Colorado Operating Agreement
This Colorado Operating Agreement (hereinafter "Agreement") is designed to outline the operating procedures and policies of ________ LLC (hereinafter "Company") pursuant to the Colorado Limited Liability Company Act (CRS §7-80-101 et seq.). It is intended to guide the Company's operations and decision-making processes.
Entered into effect on ______________ (date), by and between the member(s) listed below:
- Name: ___________________________, Title: _______________, Address: ___________________________________
- Name: ___________________________, Title: _______________, Address: ___________________________________
- Additional Member(s) as attached in Schedule A.
This document serves to establish the rights, powers, duties, liabilities, and obligations of each member of the Company as well as those towards the Company itself.
Article 1: Organization
The Company was formed according to the laws of the State of Colorado and conducts its business under the name of ________ LLC. The Company's principal place of business is located at: ________________________________________, and may be changed by consensus of the Members.
Article 2: Purpose
The purpose of the Company is to engage in any lawful act or activity for which a Limited Liability Company may be organized under the Colorado Limited Liability Company Act.
Article 3: Membership
The Company consists of the Members listed at the beginning of this Agreement. Each Member has made a contribution to the Company as described in the attached Schedule B, which outlines the initial contributions and outlines the procedure for making additional contributions.
Article 4: Management
Management of the Company is vested in the Members.
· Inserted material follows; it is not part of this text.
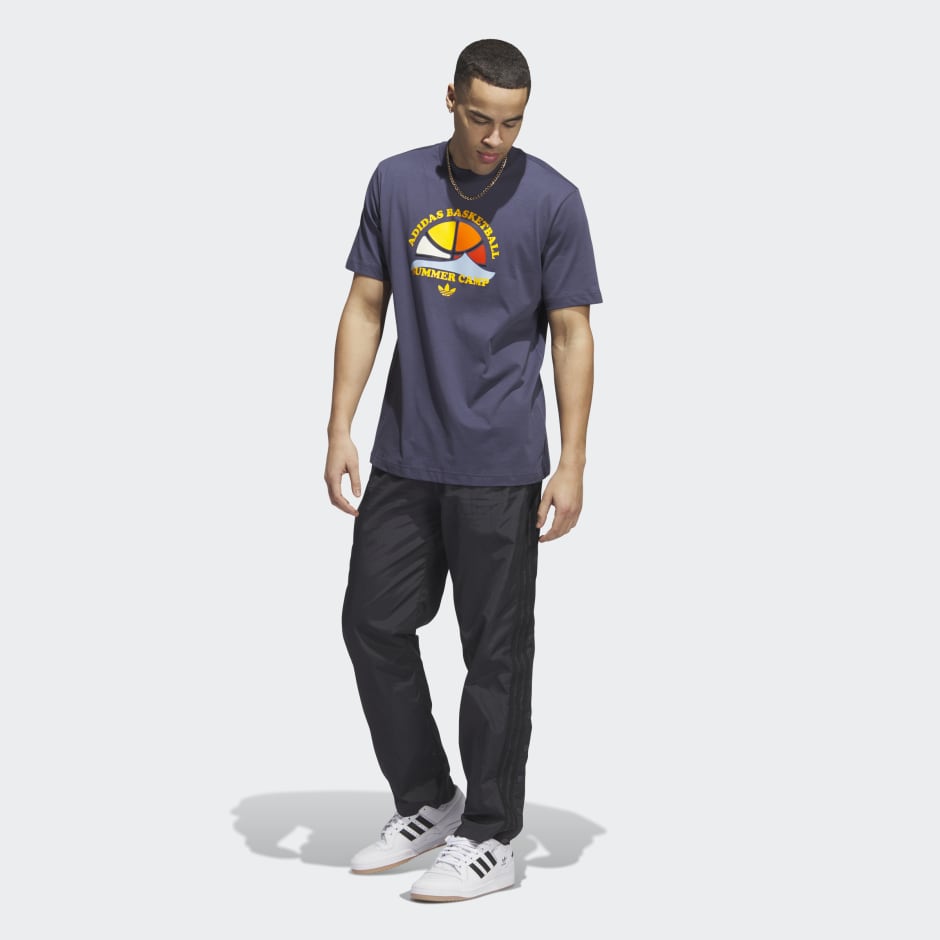 Basketball Warm-Up Pants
Decisions shall be made by consensus or vote, with each Member having a single vote unless otherwise stated in this Agreement.
Article 5: Allocation of Profits and Losses
All profits and losses of the Company shall be allocated to the Members in proportion to their ownership interest in the Company, as detailed in Schedule C attached hereto.
Article 6: Meetings
Meetings of the Members shall be held at least annually or as needed, at a time and place decided by the Members. Special meetings can be called by any Member, provided notice is given according to the procedures outlined in this Agreement.
Article 7: Amendments
This Agreement may be amended only with the approval of at least a majority of the Members' interest in the Company. Written notice of proposed amendments must be provided to all Members at least __ days prior to voting.
Article 8: Dissolution
The Company may be dissolved upon the decision of the Members as per the guidelines set out in the Colorado Limited Liability Company Act. Upon dissolution, the Company's assets shall be distributed to the Members in proportion to their respective ownership interests after satisfying all debts and obligations.
Signatures
This Agreement, entered into at __________________________ (place), on the date first above written, by all the Members signifies their acceptance of the terms stated herein.
Member Name: ___________________________ Signature: ___________________________ Date: ____________
Member Name: ___________________________ Signature: ___________________________ Date: ____________
Attach additional signature lines as necessary.